Mayor Anthony A. Williams and the District of Columbia Council have declared June 7 "Home Rule and Democracy Day" in the District in recognition of Rhodes Tavern's role as a polling place in the election of a Council for the City of Washington on June 7, 1802. The plaque depicts the Tavern as a polling place in that first historic election. Congresswoman Eleanor Holmes Norton, Council Chairwoman Linda Cropp, Councilmember Jack Evans and other Councilmembers are scheduled to attend. Mayor Anthony Williams has been invited.
The importance of Rhodes Tavern to District residents is that its unique history demonstrates that the issues of democracy, home rule and representation in Congress have been around for more than 200 years. District residents have always wanted the blessings of liberty granted to the citizens of the 50 States. They continue to seek those blessings, including representation in Congress.

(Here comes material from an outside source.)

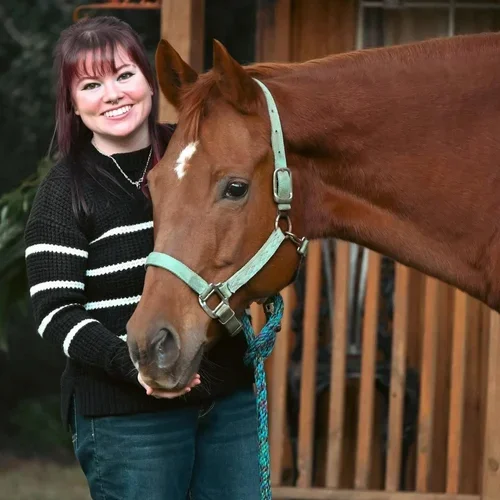 A woman with red hair in a black sweater standing next to a brown horse with a turquoise halter and lead rope, outdoors near a wooden structure.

This year has three important bicentennial dates for the District. May 3 was the 200th anniversary of President Thomas Jefferson signing an Act of Congress authorizing an elected Council for the old City of Washington. June 7th is the 200th anniversary of the first election of that Council. Finally, June 14th will be the 200th anniversary of the first meeting of that Council, which held its meetings in the U. S. Capitol.
Next Friday, June 14, the present Council will hold a ceremonial meeting in the U. S. Capitol to commemorate the first Council (call Councilmember Jack Evans for more information: 202-724-8058).
Also, next Friday, a petition for D. C. voting rights in Congress will be submitted to Congress. A press conference will be held on June 14 at 12:00 noon in the Upper Senate Park. It was from a citizens' meeting at Rhodes Tavern that one of the first petitions for voting rights and self-government for the District of Columbia emanated in 1801.
After a six-year effort to save it and have it incorporated into the Metropolitan Square development, the Rhodes Tavern was demolished in 1984. The Oliver T. Carr Company turned down all requests to save the Tavern on its historic site. In 1983, a ballot initiative to preserve it was overwhelmingly approved by District voters. Unfortunately, the D.C. Courts nullified the initiative to save Rhodes Tavern. The building was torn down on September 10, 1984, and Metropolitan Square was built. Subsequently, Metropolitan Square was sold to Boston Properties, the present owner. Mortimer Zuckerman, Chairman of Boston Properties, approved the placing of the first plaque in 1999, the 200th anniversary of the construction of Rhodes Tavern. That plaque outlines the history of the Tavern. The second plaque, also approved by Boston Properties, depicts how the building appeared in 1802 and shows the original Treasury building in the background. It is based on a watercolor by renowned local artist, Ken Frye. This painting will be present at the dedication.